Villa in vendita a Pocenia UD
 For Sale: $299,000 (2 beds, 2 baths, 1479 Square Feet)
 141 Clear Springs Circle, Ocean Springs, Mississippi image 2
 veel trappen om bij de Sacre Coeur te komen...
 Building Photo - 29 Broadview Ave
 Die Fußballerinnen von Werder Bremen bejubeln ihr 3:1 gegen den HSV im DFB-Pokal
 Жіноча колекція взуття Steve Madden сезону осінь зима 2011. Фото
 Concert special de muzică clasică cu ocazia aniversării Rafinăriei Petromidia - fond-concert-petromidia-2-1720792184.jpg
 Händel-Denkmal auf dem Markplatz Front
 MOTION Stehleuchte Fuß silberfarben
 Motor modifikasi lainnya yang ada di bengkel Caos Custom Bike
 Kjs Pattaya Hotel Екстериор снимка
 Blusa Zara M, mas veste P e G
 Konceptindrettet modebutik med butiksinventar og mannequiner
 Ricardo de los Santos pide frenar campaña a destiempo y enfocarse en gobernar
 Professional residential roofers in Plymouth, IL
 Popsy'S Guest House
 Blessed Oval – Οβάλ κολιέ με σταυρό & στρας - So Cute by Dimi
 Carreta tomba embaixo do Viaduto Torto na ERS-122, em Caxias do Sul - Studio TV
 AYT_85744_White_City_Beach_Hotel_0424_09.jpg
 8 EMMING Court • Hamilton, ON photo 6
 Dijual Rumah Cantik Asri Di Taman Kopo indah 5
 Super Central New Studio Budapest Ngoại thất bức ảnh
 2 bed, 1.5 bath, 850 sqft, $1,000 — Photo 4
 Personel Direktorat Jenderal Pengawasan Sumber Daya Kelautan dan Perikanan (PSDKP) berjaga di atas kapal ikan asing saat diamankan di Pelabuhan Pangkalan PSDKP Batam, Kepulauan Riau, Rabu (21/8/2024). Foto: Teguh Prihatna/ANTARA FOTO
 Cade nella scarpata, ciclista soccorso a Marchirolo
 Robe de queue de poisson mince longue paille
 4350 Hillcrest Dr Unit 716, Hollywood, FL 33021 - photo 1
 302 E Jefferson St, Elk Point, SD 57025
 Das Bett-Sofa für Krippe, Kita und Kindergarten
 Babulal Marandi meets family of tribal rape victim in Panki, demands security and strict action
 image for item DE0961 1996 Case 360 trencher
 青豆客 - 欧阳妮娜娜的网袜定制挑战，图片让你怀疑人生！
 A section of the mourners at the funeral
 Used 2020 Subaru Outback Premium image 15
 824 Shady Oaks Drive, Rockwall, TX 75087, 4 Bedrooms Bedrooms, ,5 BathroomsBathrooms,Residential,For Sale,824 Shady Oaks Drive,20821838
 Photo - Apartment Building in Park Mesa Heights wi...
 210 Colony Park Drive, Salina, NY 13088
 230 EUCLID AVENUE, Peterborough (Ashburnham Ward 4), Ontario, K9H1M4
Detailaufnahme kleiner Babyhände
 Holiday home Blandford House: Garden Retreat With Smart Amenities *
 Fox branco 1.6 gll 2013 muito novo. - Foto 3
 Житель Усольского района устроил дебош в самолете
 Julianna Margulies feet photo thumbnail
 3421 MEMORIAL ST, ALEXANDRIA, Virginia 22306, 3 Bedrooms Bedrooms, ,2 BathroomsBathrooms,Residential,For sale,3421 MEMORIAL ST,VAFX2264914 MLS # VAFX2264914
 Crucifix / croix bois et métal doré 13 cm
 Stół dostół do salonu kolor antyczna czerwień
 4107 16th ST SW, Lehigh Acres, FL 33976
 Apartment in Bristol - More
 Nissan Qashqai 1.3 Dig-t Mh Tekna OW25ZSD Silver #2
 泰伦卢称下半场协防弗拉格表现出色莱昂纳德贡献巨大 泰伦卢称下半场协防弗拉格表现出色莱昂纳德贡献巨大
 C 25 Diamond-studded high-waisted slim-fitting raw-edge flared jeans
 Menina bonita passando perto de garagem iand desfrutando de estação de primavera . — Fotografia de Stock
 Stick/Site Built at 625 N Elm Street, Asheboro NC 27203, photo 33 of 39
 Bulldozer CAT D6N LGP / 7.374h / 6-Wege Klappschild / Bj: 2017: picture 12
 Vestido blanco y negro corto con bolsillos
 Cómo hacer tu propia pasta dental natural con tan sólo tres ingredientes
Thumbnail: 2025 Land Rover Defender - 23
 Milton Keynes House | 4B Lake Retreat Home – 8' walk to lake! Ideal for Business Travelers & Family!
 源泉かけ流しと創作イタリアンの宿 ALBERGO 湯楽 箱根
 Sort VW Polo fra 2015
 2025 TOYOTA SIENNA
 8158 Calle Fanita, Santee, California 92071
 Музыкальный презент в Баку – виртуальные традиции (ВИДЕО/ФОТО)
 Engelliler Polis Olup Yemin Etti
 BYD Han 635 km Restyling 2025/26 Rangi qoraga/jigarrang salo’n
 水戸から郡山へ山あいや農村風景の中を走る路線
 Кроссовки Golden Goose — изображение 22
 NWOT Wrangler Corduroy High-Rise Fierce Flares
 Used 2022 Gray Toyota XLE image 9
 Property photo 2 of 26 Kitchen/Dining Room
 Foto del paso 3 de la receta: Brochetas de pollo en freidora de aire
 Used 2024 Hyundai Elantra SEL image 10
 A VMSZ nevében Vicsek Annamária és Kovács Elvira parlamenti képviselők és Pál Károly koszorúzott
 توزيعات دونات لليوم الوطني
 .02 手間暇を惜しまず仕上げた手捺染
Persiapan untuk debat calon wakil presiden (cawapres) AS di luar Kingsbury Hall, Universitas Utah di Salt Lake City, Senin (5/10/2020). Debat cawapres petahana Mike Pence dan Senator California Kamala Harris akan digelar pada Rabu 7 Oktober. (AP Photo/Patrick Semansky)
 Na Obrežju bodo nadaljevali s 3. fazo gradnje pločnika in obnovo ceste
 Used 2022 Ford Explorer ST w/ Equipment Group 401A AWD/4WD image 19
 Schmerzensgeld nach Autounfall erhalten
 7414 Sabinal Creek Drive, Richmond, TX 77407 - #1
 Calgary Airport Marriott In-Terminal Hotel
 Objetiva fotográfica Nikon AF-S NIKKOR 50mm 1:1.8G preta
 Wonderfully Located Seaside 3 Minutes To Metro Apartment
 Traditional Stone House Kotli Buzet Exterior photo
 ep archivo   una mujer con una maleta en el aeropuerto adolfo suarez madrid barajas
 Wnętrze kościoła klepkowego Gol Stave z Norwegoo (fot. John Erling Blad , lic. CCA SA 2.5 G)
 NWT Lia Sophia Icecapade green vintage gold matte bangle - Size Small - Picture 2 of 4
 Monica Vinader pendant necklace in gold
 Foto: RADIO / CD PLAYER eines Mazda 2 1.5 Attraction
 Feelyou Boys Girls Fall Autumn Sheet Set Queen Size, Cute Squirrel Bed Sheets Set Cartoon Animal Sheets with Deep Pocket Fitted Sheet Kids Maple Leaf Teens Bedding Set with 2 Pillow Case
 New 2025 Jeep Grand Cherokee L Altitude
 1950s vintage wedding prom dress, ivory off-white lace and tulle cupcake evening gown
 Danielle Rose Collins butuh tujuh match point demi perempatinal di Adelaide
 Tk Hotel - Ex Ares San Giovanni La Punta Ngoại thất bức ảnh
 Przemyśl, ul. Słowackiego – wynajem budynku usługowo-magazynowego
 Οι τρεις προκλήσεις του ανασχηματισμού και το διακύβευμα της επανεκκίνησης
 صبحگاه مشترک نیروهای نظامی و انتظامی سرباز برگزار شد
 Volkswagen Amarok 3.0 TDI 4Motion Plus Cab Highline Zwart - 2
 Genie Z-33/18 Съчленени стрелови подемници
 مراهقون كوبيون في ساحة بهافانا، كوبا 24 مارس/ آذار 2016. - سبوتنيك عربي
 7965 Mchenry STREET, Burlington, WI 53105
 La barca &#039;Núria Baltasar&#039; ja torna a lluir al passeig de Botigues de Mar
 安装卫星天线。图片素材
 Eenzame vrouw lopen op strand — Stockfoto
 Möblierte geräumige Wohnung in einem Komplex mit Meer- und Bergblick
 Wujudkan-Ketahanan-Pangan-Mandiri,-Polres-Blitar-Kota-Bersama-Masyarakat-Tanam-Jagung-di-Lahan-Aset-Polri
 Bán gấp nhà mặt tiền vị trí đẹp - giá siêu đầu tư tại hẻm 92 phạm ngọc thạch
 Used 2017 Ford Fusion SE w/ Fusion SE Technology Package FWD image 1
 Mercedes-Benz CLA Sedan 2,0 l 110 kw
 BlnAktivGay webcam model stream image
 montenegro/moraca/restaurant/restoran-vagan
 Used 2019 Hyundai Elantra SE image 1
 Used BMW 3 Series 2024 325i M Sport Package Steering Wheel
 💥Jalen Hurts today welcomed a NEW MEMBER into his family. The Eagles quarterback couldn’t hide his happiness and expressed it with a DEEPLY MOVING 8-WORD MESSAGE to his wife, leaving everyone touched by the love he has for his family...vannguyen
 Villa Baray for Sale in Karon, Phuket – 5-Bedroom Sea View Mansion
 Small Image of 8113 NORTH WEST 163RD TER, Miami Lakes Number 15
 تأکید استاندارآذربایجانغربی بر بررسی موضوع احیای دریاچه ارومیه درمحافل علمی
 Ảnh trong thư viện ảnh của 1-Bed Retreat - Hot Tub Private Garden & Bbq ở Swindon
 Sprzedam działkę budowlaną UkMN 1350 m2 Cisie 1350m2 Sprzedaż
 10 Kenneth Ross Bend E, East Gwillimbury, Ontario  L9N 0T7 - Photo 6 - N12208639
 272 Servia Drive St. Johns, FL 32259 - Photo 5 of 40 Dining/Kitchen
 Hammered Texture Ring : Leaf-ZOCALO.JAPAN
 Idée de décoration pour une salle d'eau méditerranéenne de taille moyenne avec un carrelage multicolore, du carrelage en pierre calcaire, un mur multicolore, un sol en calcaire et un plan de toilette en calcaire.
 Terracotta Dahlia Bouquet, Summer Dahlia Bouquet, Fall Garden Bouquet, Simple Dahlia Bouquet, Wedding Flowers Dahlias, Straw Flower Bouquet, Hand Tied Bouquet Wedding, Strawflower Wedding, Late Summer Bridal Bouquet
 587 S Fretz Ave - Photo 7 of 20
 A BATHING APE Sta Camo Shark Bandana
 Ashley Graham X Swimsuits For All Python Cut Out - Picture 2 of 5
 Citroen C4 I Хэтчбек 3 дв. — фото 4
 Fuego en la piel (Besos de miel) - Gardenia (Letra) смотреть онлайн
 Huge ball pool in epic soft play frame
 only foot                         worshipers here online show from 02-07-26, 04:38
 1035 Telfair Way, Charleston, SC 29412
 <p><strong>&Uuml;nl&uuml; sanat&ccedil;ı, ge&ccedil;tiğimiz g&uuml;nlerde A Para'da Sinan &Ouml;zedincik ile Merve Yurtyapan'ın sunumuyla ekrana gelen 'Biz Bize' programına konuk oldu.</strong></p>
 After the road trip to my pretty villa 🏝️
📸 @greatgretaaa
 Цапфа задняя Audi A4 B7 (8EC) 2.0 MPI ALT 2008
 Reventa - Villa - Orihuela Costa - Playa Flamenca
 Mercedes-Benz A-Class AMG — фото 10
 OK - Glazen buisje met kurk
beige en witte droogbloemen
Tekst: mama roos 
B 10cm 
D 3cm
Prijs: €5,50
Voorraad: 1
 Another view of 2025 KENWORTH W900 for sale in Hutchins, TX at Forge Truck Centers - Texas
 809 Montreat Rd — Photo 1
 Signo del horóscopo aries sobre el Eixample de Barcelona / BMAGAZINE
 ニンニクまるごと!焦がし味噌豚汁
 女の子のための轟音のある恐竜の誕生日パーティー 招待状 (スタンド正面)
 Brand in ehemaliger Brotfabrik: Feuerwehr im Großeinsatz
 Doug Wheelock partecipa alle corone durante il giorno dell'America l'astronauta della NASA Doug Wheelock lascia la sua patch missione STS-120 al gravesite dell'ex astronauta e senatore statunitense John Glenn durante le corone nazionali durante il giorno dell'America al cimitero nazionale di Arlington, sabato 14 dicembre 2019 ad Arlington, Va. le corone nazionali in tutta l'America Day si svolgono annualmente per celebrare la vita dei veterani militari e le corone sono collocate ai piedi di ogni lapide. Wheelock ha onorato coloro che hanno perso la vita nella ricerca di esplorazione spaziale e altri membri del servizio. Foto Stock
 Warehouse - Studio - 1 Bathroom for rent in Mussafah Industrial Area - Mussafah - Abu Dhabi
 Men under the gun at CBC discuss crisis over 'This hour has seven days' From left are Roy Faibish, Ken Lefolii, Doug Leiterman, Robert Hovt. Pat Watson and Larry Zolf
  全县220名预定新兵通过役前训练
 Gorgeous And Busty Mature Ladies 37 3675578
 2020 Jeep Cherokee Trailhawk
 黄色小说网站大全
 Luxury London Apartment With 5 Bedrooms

• _PROBLEM STATEMENT_
Take the entries above and copy them exactly from the first line through the line with "Babulal Marandi meets"; leave out every line after it.

• _ANSWER BOX_
Villa in vendita a Pocenia UD
 For Sale: $299,000 (2 beds, 2 baths, 1479 Square Feet)
 141 Clear Springs Circle, Ocean Springs, Mississippi image 2
 veel trappen om bij de Sacre Coeur te komen...
 Building Photo - 29 Broadview Ave
 Die Fußballerinnen von Werder Bremen bejubeln ihr 3:1 gegen den HSV im DFB-Pokal
 Жіноча колекція взуття Steve Madden сезону осінь зима 2011. Фото
 Concert special de muzică clasică cu ocazia aniversării Rafinăriei Petromidia - fond-concert-petromidia-2-1720792184.jpg
 Händel-Denkmal auf dem Markplatz Front
 MOTION Stehleuchte Fuß silberfarben
 Motor modifikasi lainnya yang ada di bengkel Caos Custom Bike
 Kjs Pattaya Hotel Екстериор снимка
 Blusa Zara M, mas veste P e G
 Konceptindrettet modebutik med butiksinventar og mannequiner
 Ricardo de los Santos pide frenar campaña a destiempo y enfocarse en gobernar
 Professional residential roofers in Plymouth, IL
 Popsy'S Guest House
 Blessed Oval – Οβάλ κολιέ με σταυρό & στρας - So Cute by Dimi
 Carreta tomba embaixo do Viaduto Torto na ERS-122, em Caxias do Sul - Studio TV
 AYT_85744_White_City_Beach_Hotel_0424_09.jpg
 8 EMMING Court • Hamilton, ON photo 6
 Dijual Rumah Cantik Asri Di Taman Kopo indah 5
 Super Central New Studio Budapest Ngoại thất bức ảnh
 2 bed, 1.5 bath, 850 sqft, $1,000 — Photo 4
 Personel Direktorat Jenderal Pengawasan Sumber Daya Kelautan dan Perikanan (PSDKP) berjaga di atas kapal ikan asing saat diamankan di Pelabuhan Pangkalan PSDKP Batam, Kepulauan Riau, Rabu (21/8/2024). Foto: Teguh Prihatna/ANTARA FOTO
 Cade nella scarpata, ciclista soccorso a Marchirolo
 Robe de queue de poisson mince longue paille
 4350 Hillcrest Dr Unit 716, Hollywood, FL 33021 - photo 1
 302 E Jefferson St, Elk Point, SD 57025
 Das Bett-Sofa für Krippe, Kita und Kindergarten
 Babulal Marandi meets family of tribal rape victim in Panki, demands security and strict action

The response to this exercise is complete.